How to process .csv files by filtering their titles

Question

I've got a list of plenty of .csv files in a dataset, but for the simplicity let's assume there are three files in the dataset:

ASGK_2022.csv
ASGK_2023.csv
PRAS_2022.csv

I need to process only files with 'ASGK' in their titles. In other words, I need to filter files by their titles using transforms.api.FileSystem.files method. All files share same column names.

I filter files using regex code. Here's two pieces of code I've been using, however, unsuccessfully.

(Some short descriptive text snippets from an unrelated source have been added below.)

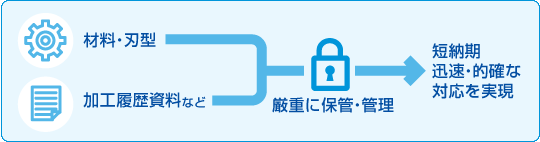 材料や刃型、また加工履歴資料などを厳重に保管し 、短納期、迅速的確な対応を実現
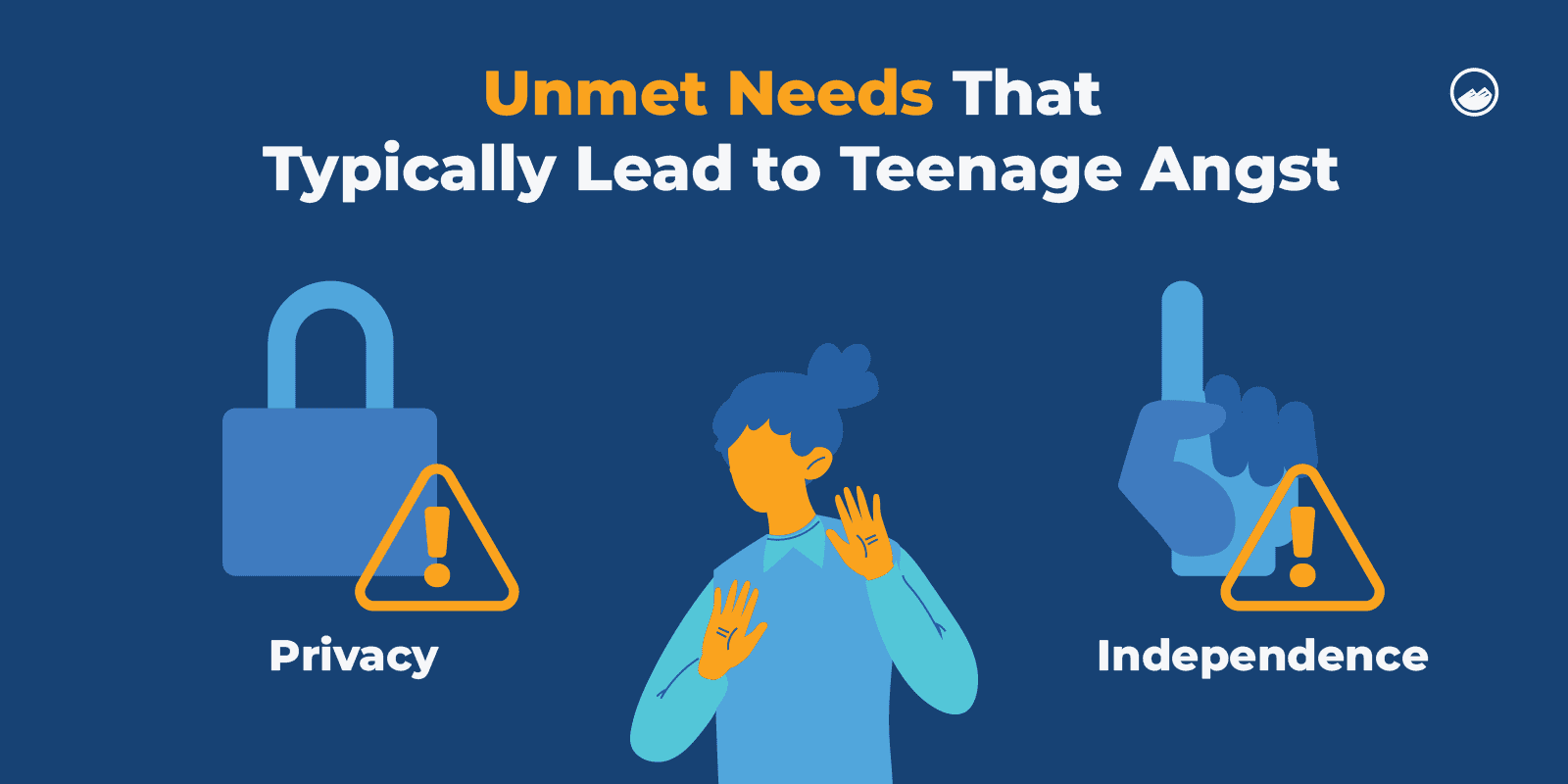 Teen Angst Graphics_03 Unmet Needs that Lead to Teen Angst Inline Image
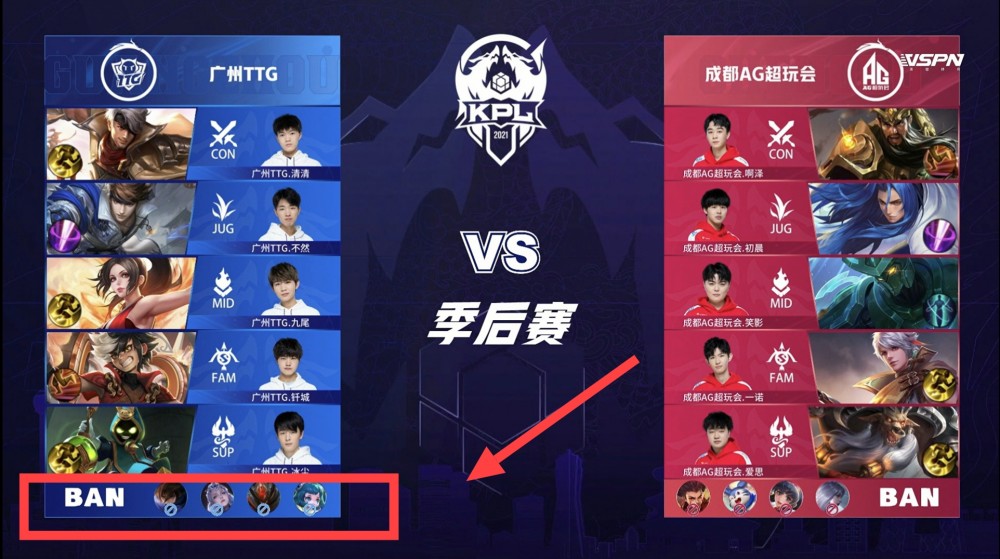 的竞技状态 的竞技状态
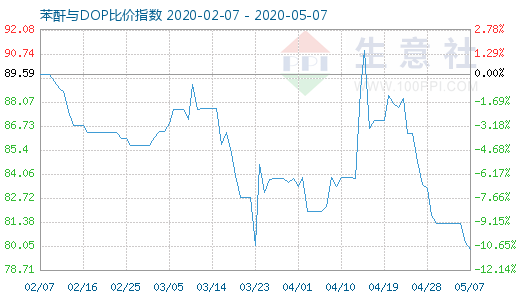 5月7日苯酐与DOP比价指数图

from pyspark.sql import functions as F
from transforms.api import transform, Input, Output
import pandas as pd
import json
import re


@transform(
    output_df=Output(
        ""),
    input_raw=Input(""),
)
def compute(input_raw, output_df, ctx):

    def process_file(file_status):
        with input_raw.filesystem().open(file_status.path, 'rb') as f:
            with pd.ExcelFile(f.read(), engine='openpyxl') as xlsx_path:

                pdf = pd.read_csv(xlsx_path, dtype=str, header=0)
                pdf.columns = pdf.columns.str.lower()

                for row in pdf.to_dict('records'):
                    yield json.dumps(row, default=str)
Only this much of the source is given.